> _Task item_
Could you print the stretch of lines below from the one with "So once everything" through the one with "Simply tap on", exactly as they stand and without any pictures?
----------
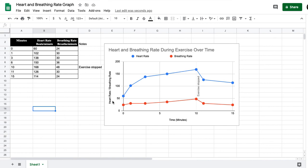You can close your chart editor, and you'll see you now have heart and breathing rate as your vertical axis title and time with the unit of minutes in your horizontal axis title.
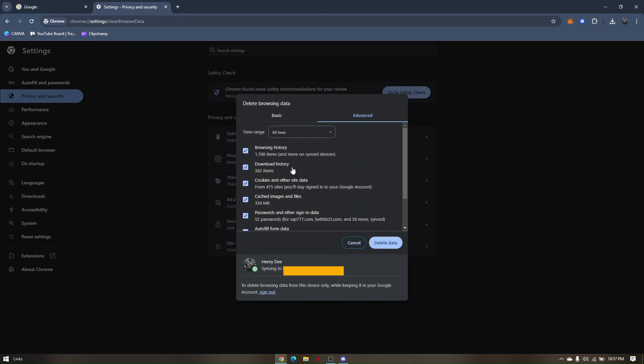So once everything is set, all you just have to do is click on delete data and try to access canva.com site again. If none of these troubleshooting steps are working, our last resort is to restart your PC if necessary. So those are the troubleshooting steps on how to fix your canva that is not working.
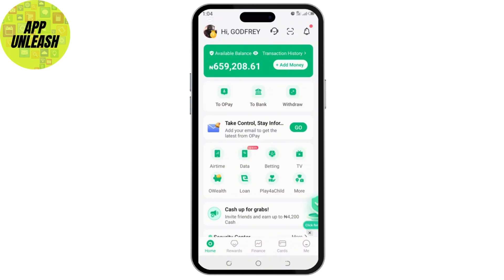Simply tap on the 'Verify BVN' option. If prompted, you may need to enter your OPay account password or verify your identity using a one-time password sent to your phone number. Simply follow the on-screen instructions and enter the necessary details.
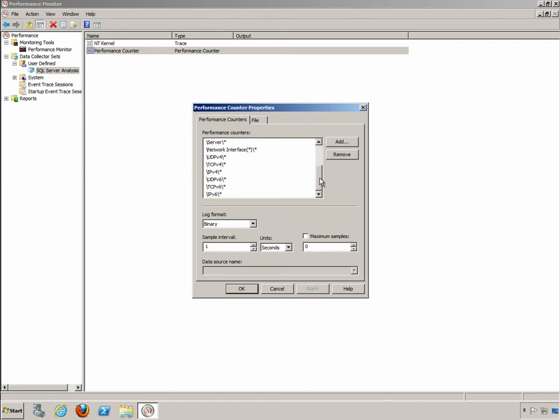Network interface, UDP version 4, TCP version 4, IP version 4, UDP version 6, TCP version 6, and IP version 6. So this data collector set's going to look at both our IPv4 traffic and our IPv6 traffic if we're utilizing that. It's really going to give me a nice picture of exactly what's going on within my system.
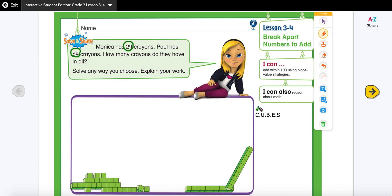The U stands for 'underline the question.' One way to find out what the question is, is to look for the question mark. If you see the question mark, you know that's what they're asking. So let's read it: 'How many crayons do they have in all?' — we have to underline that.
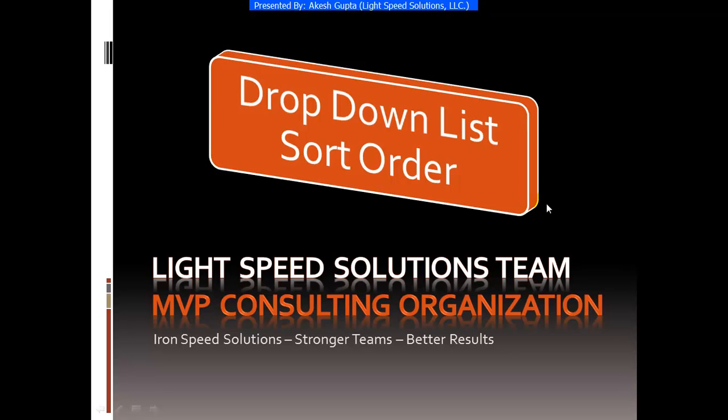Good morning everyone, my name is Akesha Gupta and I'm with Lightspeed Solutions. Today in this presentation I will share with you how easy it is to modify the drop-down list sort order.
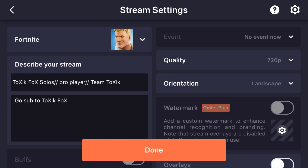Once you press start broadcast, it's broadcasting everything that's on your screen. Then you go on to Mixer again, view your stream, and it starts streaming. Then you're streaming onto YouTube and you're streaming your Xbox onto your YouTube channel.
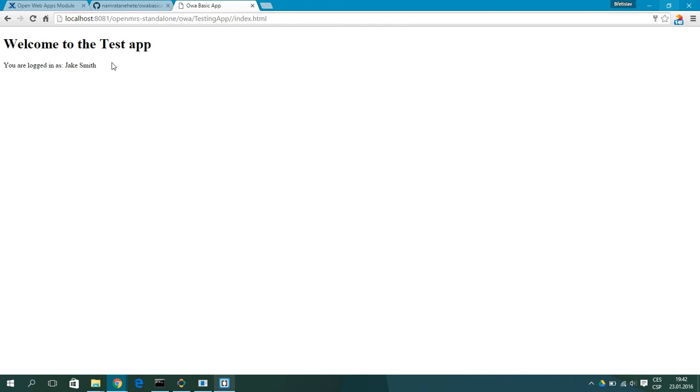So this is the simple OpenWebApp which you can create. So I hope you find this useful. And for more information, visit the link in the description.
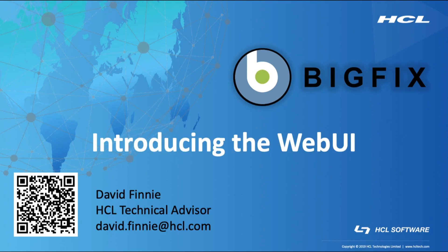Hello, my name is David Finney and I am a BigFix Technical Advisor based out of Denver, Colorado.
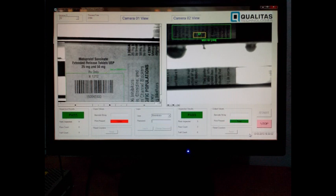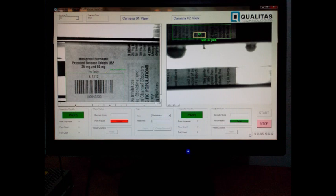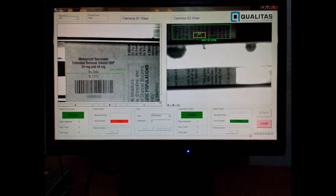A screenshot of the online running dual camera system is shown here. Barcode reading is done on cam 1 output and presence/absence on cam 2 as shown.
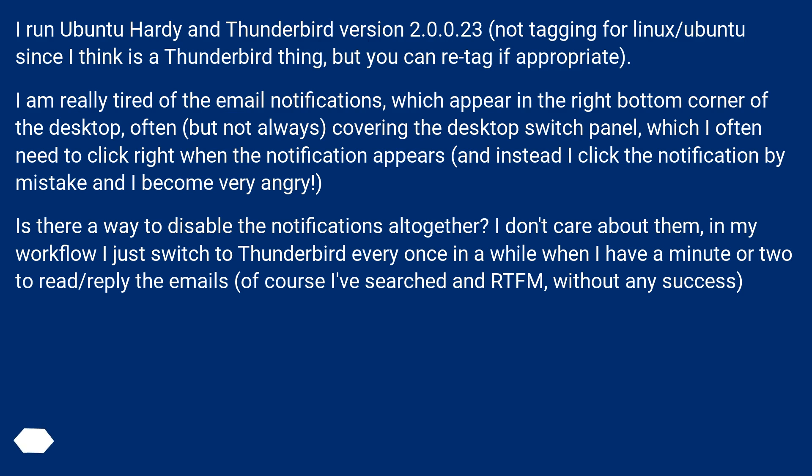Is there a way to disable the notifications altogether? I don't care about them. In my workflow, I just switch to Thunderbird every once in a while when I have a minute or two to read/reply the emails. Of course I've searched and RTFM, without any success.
----------
> _Written solution_
So once everything is set, all you just have to do is click on delete data and try to access canva.com site again. If none of these troubleshooting steps are working, our last resort is to restart your PC if necessary. So those are the troubleshooting steps on how to fix your canva that is not working.
Simply tap on the 'Verify BVN' option. If prompted, you may need to enter your OPay account password or verify your identity using a one-time password sent to your phone number. Simply follow the on-screen instructions and enter the necessary details.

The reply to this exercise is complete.